Top of DATA SUPPLIED

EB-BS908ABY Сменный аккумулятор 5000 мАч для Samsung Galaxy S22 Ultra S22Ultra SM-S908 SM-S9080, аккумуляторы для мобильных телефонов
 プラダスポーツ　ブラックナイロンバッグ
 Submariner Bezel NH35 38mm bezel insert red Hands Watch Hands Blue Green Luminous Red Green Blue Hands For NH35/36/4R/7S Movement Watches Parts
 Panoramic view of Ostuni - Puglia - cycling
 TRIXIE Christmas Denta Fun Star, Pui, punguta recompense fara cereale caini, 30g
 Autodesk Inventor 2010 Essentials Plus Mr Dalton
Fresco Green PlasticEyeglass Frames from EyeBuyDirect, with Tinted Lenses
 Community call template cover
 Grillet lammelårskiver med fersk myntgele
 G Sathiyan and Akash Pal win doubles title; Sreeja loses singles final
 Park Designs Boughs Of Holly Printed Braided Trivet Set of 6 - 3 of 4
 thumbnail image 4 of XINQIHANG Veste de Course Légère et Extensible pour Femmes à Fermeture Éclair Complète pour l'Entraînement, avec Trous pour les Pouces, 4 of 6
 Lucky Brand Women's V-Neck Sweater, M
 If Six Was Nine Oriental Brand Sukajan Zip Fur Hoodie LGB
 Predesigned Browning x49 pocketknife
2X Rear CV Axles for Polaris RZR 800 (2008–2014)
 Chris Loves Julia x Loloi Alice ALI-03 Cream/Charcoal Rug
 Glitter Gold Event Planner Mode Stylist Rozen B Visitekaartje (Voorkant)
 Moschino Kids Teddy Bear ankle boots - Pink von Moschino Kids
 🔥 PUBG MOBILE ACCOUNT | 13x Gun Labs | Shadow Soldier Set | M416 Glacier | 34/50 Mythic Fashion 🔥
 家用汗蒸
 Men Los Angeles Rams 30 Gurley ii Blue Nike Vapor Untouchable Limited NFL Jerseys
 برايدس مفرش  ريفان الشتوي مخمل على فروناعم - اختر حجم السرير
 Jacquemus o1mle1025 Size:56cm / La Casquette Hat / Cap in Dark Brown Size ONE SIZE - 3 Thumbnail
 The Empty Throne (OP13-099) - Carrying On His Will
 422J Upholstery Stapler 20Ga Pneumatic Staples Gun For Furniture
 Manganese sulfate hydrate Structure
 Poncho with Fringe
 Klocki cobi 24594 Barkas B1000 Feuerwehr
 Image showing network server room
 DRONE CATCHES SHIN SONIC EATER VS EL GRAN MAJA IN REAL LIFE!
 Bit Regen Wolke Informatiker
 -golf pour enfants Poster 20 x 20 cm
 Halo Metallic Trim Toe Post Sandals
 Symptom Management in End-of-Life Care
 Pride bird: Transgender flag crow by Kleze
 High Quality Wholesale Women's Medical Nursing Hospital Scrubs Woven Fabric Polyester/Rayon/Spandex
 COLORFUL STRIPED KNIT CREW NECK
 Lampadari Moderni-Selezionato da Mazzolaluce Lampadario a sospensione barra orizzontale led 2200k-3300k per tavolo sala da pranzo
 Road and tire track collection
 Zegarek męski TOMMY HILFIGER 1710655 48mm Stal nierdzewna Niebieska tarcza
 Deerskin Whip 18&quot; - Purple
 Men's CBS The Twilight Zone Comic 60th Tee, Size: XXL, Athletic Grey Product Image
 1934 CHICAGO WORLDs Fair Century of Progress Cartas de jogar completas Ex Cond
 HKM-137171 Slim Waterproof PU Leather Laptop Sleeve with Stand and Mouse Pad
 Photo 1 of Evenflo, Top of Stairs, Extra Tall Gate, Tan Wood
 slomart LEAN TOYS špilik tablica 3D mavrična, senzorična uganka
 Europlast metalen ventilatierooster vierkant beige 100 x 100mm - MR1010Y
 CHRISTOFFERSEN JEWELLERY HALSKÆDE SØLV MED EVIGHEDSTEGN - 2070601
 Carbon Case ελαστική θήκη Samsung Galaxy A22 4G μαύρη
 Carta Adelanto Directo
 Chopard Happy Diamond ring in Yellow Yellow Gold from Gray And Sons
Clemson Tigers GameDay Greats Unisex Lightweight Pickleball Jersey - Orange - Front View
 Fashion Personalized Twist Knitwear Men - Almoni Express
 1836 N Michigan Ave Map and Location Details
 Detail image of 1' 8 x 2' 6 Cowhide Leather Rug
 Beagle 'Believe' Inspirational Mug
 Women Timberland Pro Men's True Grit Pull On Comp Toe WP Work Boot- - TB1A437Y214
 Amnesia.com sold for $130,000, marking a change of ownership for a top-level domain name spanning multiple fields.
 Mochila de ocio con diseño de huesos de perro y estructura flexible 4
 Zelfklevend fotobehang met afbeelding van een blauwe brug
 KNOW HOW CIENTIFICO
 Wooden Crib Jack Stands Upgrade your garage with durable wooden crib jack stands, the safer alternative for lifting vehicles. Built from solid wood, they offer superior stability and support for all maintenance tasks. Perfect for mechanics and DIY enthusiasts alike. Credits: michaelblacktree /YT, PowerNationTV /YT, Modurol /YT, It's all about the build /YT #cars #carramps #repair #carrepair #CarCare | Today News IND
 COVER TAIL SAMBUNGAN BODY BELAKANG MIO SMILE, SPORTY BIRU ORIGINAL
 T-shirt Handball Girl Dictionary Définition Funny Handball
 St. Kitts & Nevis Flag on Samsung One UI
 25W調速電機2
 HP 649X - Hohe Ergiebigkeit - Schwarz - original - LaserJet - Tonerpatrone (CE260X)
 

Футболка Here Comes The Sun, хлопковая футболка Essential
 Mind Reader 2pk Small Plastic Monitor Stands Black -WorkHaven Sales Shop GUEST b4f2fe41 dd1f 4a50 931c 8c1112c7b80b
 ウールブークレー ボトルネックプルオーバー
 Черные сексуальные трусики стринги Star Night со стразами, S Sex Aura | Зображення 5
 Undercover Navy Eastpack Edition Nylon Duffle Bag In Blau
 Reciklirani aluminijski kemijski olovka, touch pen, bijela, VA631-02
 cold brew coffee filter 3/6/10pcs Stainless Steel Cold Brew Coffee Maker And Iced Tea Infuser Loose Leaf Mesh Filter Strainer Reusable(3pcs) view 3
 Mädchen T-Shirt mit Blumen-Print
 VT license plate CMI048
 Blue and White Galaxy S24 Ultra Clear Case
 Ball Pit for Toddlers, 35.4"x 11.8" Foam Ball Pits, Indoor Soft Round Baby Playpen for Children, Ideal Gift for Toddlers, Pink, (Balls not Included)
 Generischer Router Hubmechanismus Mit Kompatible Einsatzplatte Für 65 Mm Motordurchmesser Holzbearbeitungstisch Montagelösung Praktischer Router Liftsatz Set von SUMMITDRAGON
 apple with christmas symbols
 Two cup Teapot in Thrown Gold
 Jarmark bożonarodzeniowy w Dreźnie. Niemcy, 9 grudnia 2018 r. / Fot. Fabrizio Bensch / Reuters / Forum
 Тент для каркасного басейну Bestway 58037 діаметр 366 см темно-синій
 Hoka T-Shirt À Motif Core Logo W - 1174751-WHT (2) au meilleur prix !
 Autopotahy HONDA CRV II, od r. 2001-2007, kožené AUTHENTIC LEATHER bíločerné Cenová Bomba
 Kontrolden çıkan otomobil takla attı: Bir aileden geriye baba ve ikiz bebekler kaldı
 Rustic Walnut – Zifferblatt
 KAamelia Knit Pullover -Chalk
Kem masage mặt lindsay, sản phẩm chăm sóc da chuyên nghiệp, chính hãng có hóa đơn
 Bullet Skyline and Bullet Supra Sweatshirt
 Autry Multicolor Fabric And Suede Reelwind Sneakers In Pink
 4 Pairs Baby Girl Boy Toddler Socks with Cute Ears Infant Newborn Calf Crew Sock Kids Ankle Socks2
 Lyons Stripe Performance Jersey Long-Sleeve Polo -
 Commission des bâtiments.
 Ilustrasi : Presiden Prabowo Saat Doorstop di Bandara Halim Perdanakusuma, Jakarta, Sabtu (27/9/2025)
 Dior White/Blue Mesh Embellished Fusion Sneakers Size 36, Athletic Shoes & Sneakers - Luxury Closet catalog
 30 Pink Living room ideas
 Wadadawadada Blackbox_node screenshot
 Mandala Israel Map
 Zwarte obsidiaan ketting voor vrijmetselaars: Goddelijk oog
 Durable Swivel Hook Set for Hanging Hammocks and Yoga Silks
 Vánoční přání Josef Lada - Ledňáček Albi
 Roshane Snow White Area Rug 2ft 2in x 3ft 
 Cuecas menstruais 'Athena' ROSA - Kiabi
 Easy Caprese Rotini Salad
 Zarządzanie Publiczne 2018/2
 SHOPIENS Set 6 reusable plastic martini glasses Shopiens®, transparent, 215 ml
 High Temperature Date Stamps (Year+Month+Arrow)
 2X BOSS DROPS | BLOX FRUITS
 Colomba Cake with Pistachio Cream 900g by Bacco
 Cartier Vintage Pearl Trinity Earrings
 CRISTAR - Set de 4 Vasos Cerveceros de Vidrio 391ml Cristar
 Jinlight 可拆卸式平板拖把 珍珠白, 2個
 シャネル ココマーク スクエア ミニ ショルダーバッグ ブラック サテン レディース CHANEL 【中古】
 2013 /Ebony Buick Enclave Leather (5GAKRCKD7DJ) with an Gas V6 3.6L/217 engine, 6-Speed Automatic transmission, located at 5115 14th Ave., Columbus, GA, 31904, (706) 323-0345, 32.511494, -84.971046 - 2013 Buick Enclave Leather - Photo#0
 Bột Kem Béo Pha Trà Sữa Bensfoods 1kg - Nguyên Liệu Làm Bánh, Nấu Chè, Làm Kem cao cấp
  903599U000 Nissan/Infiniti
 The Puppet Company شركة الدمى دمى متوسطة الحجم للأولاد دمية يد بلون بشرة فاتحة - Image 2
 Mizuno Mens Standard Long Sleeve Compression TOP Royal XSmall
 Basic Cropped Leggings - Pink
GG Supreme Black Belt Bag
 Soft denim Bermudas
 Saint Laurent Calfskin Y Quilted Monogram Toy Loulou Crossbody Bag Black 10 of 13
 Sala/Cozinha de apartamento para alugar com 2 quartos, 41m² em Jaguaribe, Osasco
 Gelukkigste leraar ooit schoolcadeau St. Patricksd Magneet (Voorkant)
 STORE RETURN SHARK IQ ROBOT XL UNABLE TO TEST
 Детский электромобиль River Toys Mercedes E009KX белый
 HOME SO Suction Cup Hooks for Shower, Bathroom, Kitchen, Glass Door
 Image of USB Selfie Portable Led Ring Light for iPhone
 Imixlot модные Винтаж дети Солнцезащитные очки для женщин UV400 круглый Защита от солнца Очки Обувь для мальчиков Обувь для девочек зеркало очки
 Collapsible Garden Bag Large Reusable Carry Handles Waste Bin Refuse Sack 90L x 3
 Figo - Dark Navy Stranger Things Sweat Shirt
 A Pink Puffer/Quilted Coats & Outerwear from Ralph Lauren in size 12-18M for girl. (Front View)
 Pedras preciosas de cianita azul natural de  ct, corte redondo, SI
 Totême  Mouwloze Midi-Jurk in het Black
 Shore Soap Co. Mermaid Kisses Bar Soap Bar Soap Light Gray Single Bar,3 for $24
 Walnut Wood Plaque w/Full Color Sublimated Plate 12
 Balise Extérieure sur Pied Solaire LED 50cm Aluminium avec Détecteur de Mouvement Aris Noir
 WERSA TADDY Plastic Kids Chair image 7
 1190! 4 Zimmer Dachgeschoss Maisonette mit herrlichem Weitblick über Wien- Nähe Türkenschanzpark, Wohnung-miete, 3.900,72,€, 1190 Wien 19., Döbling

Bottom of DATA SUPPLIED

◆ EXERCISE DESCRIPTION ◆
What is needed is a verbatim copy of every line in the records above from the one containing "ウールブークレー ボトルネックプルオーバー" down to the one containing "Ball Pit for", both included, and nothing more.

◆ ANSWER SPACE ◆
 ウールブークレー ボトルネックプルオーバー
 Черные сексуальные трусики стринги Star Night со стразами, S Sex Aura | Зображення 5
 Undercover Navy Eastpack Edition Nylon Duffle Bag In Blau
 Reciklirani aluminijski kemijski olovka, touch pen, bijela, VA631-02
 cold brew coffee filter 3/6/10pcs Stainless Steel Cold Brew Coffee Maker And Iced Tea Infuser Loose Leaf Mesh Filter Strainer Reusable(3pcs) view 3
 Mädchen T-Shirt mit Blumen-Print
 VT license plate CMI048
 Blue and White Galaxy S24 Ultra Clear Case
 Ball Pit for Toddlers, 35.4"x 11.8" Foam Ball Pits, Indoor Soft Round Baby Playpen for Children, Ideal Gift for Toddlers, Pink, (Balls not Included)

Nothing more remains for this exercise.